A colocation (colo) is a data center facility in which a business can rent space for servers and other computing hardware. There are 2 basic types: Wholesale – where a tenant leases a fully built data center space; Retail – where space is leased in smaller increments within a data center. The colo provider supplies the building, cooling, power, bandwidth, and physical security while the customer provides servers and storage.
Tier 1 & 2: have a single path for power and cooling and few redundant and backup components. It has an expected uptime of 99.7%
Tier 3: has multiple paths for power and cooling and systems in place to update and maintain it without taking it offline. It has an expected uptime of 99.98
Tier 4: is built to be completely fault tolerant and has redundancy for every component. It has an expected uptime of 99.99
Is a Colocation Data Center right for my Organization?
In today’s modern hybrid compute infrastructure approach there are several reasons an organization would add a co location data center to its compute assets. One main driver is the capital expenditures (CAPEX) associated with building, maintaining, and updating a large computing facility. Additionally, it can provide a vehicle for high density and hyperconverged computing that a preexisting data center may not be able to handle the power and cooling requirements for.

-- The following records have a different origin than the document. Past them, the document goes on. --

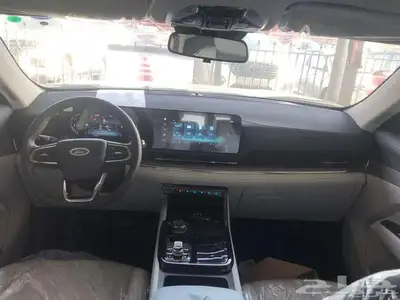 فورد تيريتوري ترند 2025 ( كاش _ أقساط) 10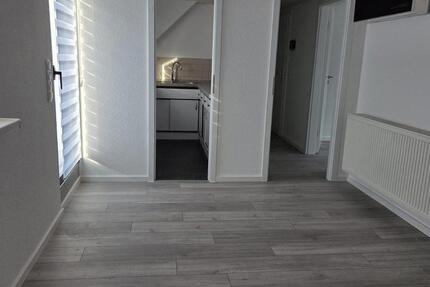 Sehr schön sanierte 2Zimmer Dachgeschosswohnung mit großem Balkon 2 zimmer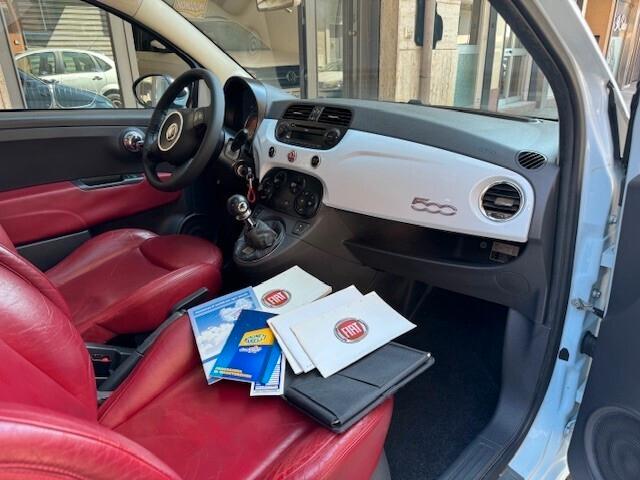 Fiat 500 1.3 Multijet 75 CV Lounge - Euro 4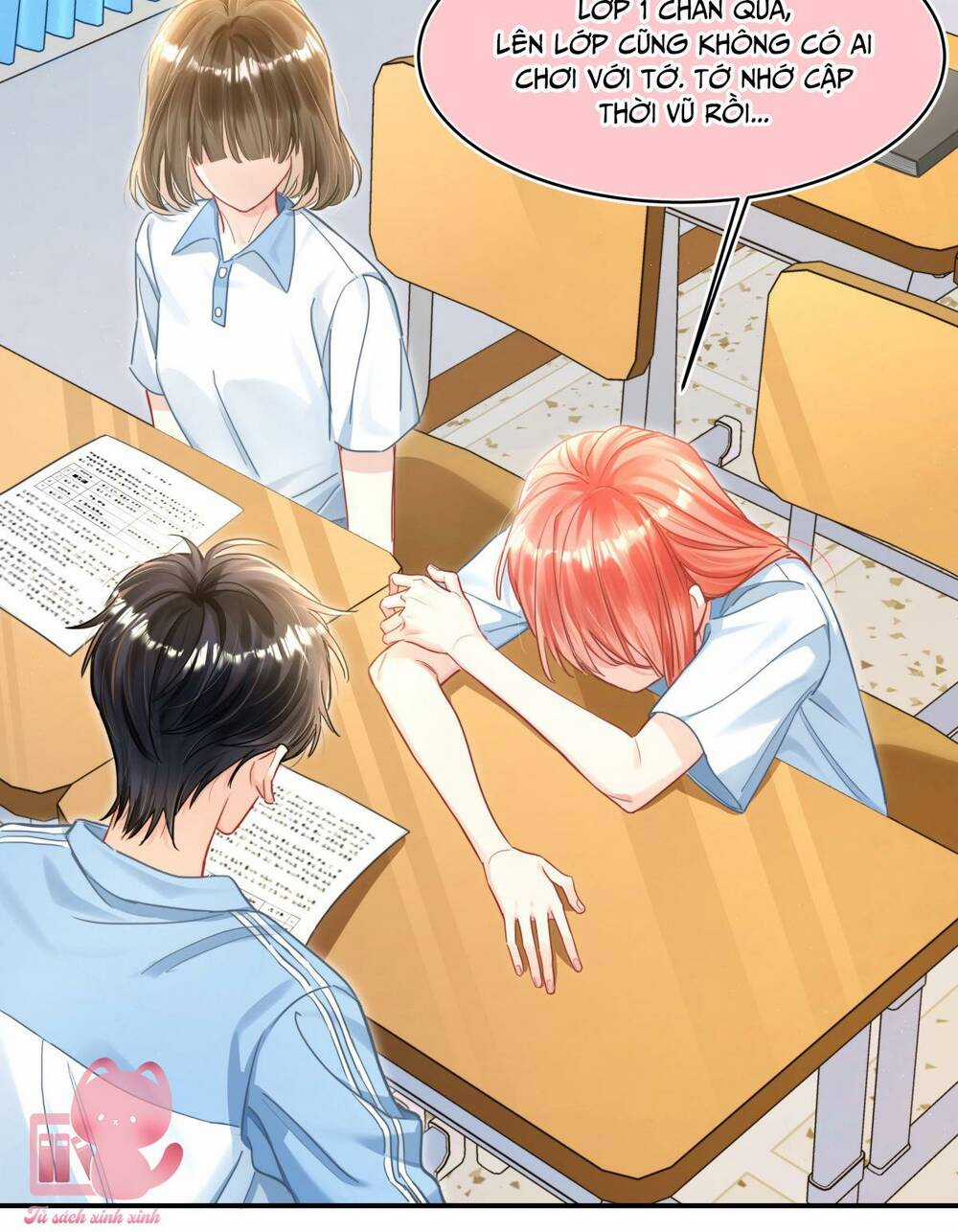 Bong Bóng Đào Chi - Chapter 12 - Trang 16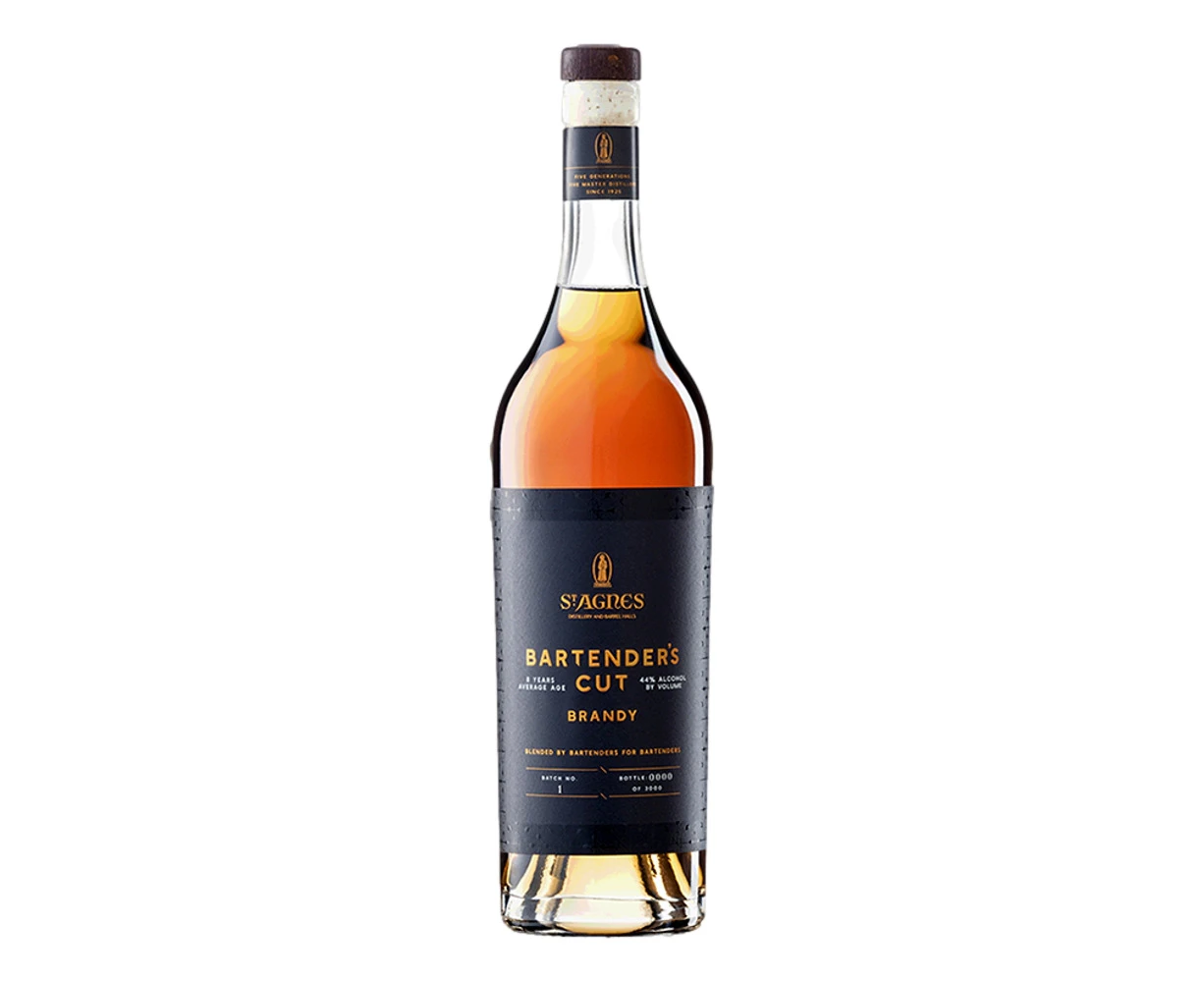 St Agnes Bartenders Cut Brandy 700mL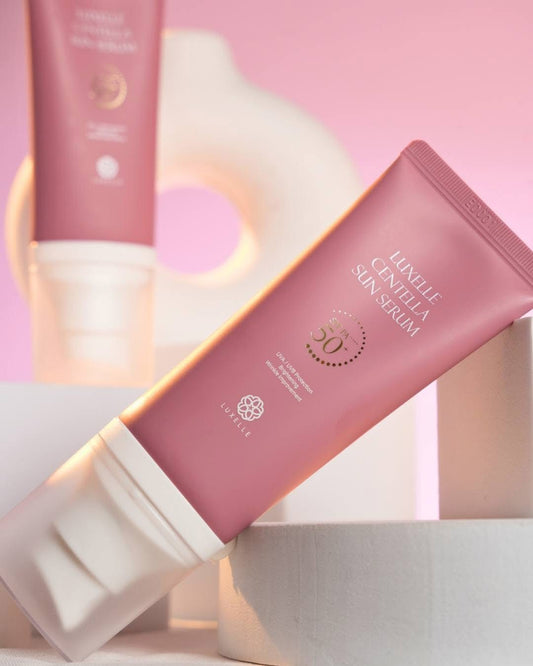 Luxelle Sunscreen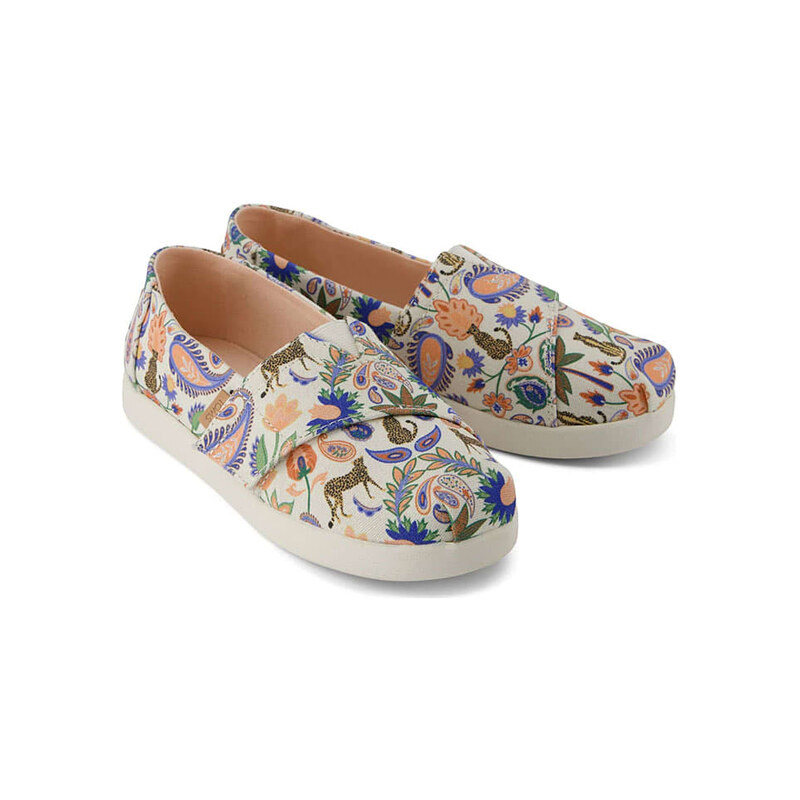 Boty TOMS Beige/ Bunt 9292123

Historically, and still today colos are ideal for disaster recovery of tier 1 applications, the cloud being used for tier 2 business continuity.
What should I consider in choosing my Colocation Data Center?
Flexibility – power and space are important if you are using a colo for growth. New power/cooling hungry equipment demand higher capacity and on-demand availability. As you grow certain workloads demand adjacency for latency requirements and accessibility to nearby floor space is critical.
Serviceability – for internal and vendor support. Distance can translate into increased travel costs when equipment needs to be touched manually.
Term agreements – colo customers can find themselves locked into long-term contracts, which may prevent them from re-negotiating rates when prices fall.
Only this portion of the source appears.